Recently I finished reading a book on options that doesn’t explain the basics of calls and puts.  The Greeks are on almost every page, but never defined, and it’s assumed that the reader already knows options strategies and acronyms (e.g., butterflies, condors, ratio spreads, ATM, OTM).

Clearly the “The Option Trader’s Hedge Fund” is not for beginners. It targets serious traders that know the basics and want a full picture of what’s required to professionally trade options.   Using the apt analogy of an insurance business Dennis Chen and Mark Sebastian construct the fundamentals of a well designed options trading business, including capital requirements, risk management,  infrastructure needs, and recommended processes.

Within that framework they layer on a rich compendium of practical option advice.
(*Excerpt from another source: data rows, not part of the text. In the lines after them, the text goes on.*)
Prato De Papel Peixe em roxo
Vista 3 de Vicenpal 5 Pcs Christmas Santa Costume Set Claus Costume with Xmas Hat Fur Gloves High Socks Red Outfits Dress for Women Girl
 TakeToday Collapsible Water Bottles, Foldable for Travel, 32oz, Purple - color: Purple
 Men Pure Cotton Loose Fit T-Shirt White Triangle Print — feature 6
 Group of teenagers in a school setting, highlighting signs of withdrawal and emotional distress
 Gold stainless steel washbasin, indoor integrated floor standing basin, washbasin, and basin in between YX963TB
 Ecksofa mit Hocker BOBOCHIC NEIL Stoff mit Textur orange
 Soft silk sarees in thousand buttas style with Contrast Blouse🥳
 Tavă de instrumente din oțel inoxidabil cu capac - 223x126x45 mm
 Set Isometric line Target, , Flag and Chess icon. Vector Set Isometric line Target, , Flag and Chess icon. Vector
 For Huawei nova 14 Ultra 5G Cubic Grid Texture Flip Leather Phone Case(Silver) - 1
Some topics are strategy independent, for example:

  • How the market interacts with market makers to establish option pricing
  • Real vs theoretical pricing of OTM options
  • “Card Game Risk” pricing
  • Stages of skew
  • VIX Index nuances
  • Cash as a position

Other sections cover common strategies like vertical spreads, condors, butterflies, and calendars detailing the key parameters the authors evaluate and track including:

  • Volatility requirements and expectations
  • Skew parameters
  • Recommended profit targets
  • Margin requirements
  • Trade time frames
  • Typical trade duration
  • Risk management /  insurance
  • Adjustment strategies
  • Exit points

The trade selections that Dennis and Mark discuss are classic volatility trades—evaluating historical volatility, skew, and term structure in search of mispriced options.   Target profit is 5% to 10% on many of the setups and the suggested initiations are 30 to 60 days before expiration.  You won’t read about earnings plays or expiration week strategies in this book (check out Mark’s blog for that).

The Option Trader’s Hedge Fund bridges the gap between starter books and reference style books.  It will challenge you, but I’d be surprised if you don’t come away with some valuable insights.